Personal information
- Full name: Nicholas Anthony Lowden
- Born: 10 February 2000
- Died: 3 August 2023 (aged 23)
- Original team: Gippsland Power
- Height: 191 cm (6 ft 3 in)
- Weight: 93 kg (205 lb)

Playing career
- Years: Club / Games (Goals)
- 2022–2023: Norwood / 22 (6)

Career highlights
- SANFL premiership player: 2022;

= Nick Lowden =

Nicholas Anthony Lowden (10 February 2000 – 3 August 2023) was an Australian rules football player who played for the Casey Demons in the Victorian Football League (VFL) and the Norwood Football Club in the South Australian National Football League (SANFL).

==Football career==
Lowden began playing football at age 8, for the Combined Saints Junior Football Club. He would go on to play for he Traralgon Football and Netball Club from u/16s division.

In 2015, Lowden started playing for Gippsland Power in the NAB League. In 2018 while playing for Gippsland, he suffered a severe concussion and was sidelined for six weeks. As a result of the concussion, he lost 8kg in weight, lost interest in school and his mental health suffered.

In 2019, he moved to the Casey Demons in the VFL, where he played several games from 2019 until the end of the 2021 season.

In 2022, Lowden joined the Norwood Football Club in the SANFL and played in the club's 2022 premiership.
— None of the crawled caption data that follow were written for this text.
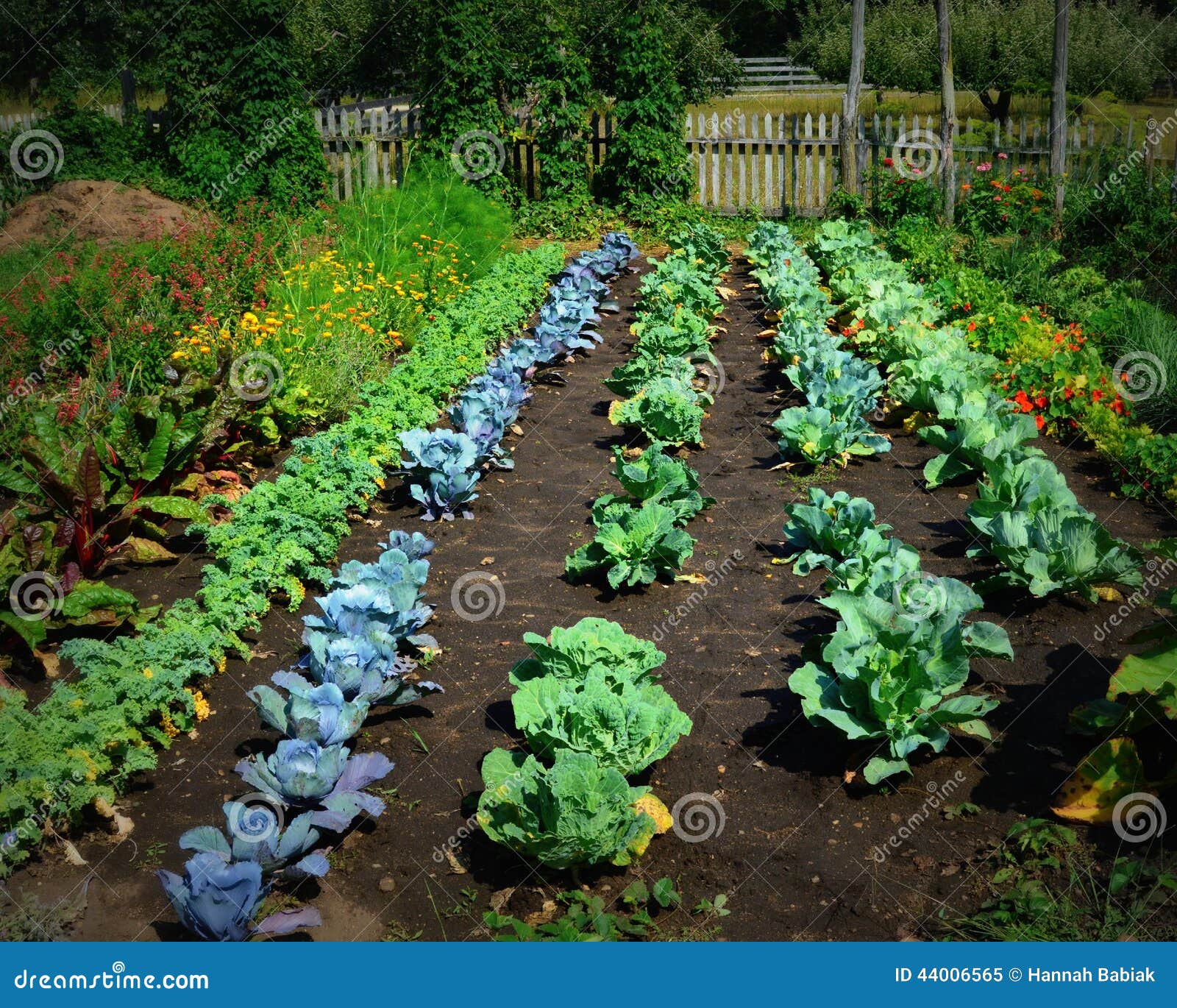 vegetable garden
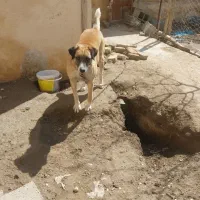 سگ نگهبان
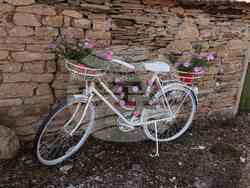 Снимка: Община Ловеч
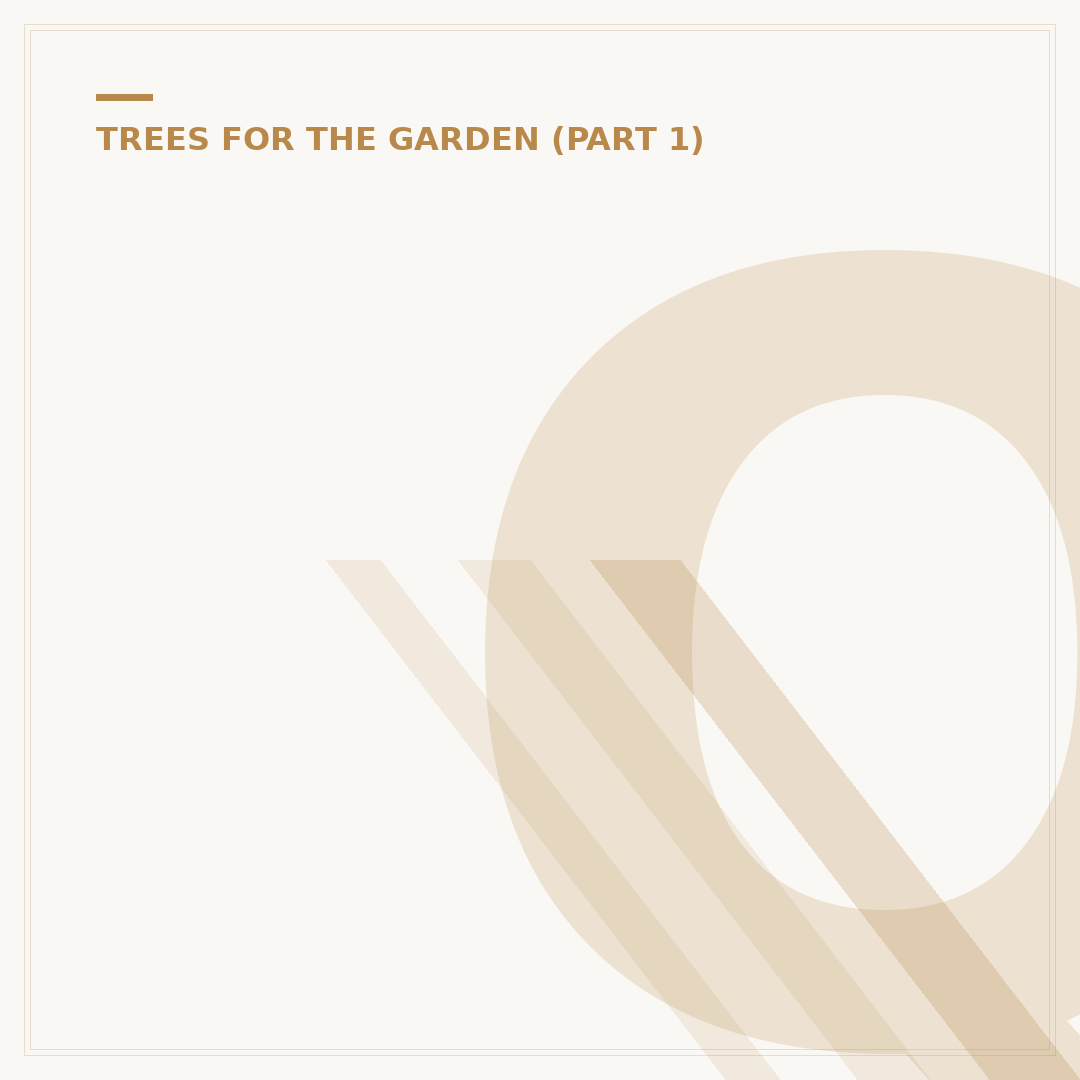Quercus Robur Oak Tree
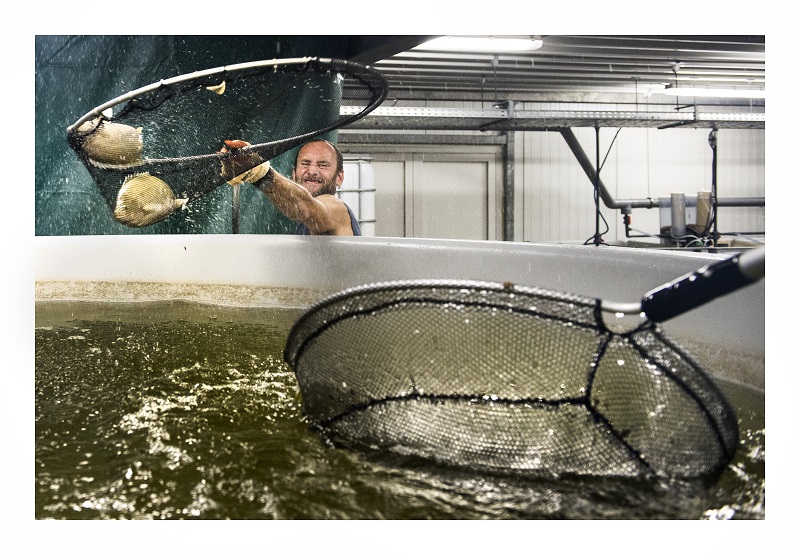 Schepnet met vis van bij Omegabaars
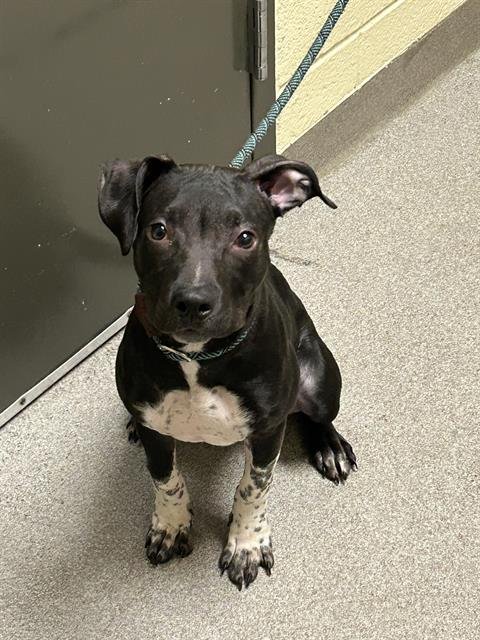 VICKY - Pit Bull Terrier available for adoption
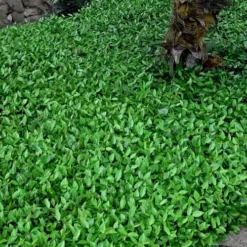 Asian Jasmine (Trachelospermum Asiaticum) - 72 Pack Of 3.5" Pint Pots -Outlet Aegis Garden Store trachelospermum asiaticum asian jasmine 3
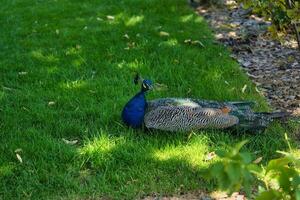 pavão ou frango com pêssego é uma comum nome para dois pássaro espécies dentro a gêneros pavo e afropavo dentro a tribo pavonini do a família phasianidae. masculino pavão estão referido para Como pavões foto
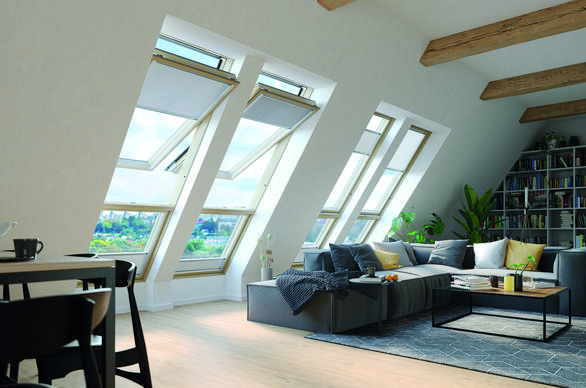 okna Fakro_FDP_GreenView_2024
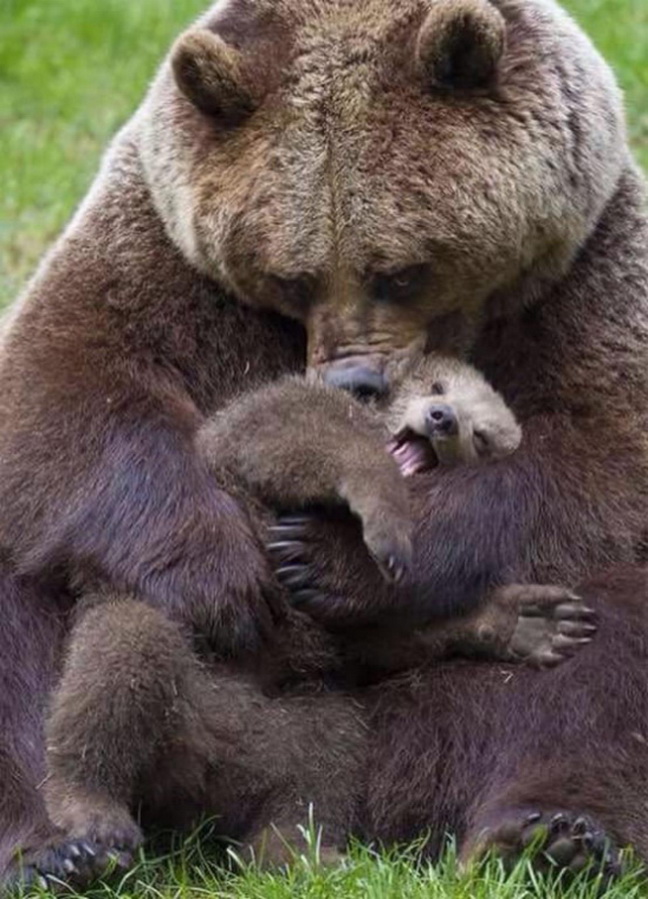 Медведи .jpg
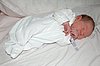 DSC_2111.jpg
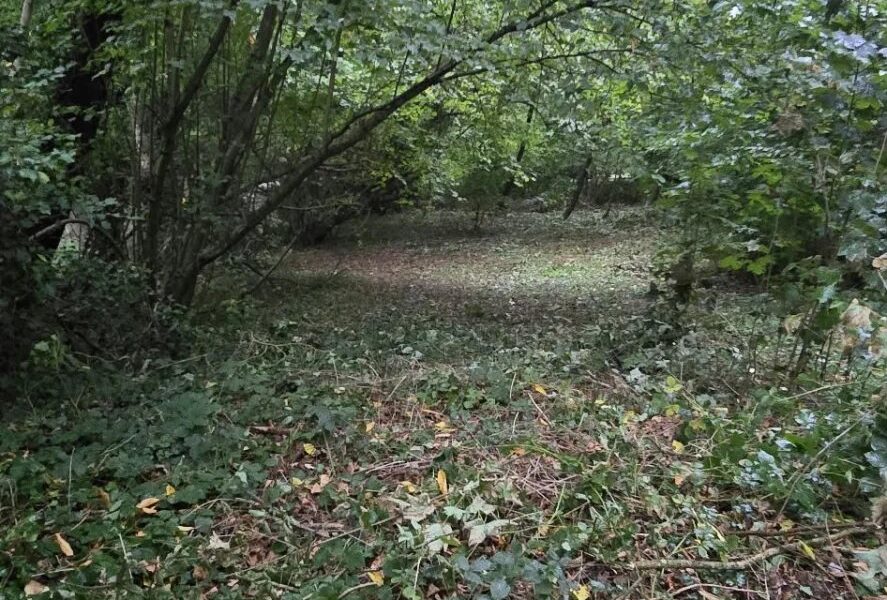 Terrain à vendre à Waterloo — Vue dégagée — photo 3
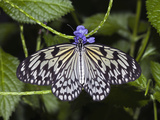 Paper Kite Butterfly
Lowden also played nine games in 2023. After suffering a calf injury in a match against South Adelaide, Lowden asked for permission to take leave to recover at home in Traralgon.

==Death==
Lowden died on 3 August 2023, at age 23. Following his death, the SANFL paid tribute and a minute's silence was held before the start of every SANFL League match in Round 16. Norwood defeated South Adelaide 12.11 (83) to 12.9 (81) in their game that weekend.

Lowden's family donated his brain to scientific research into concussion.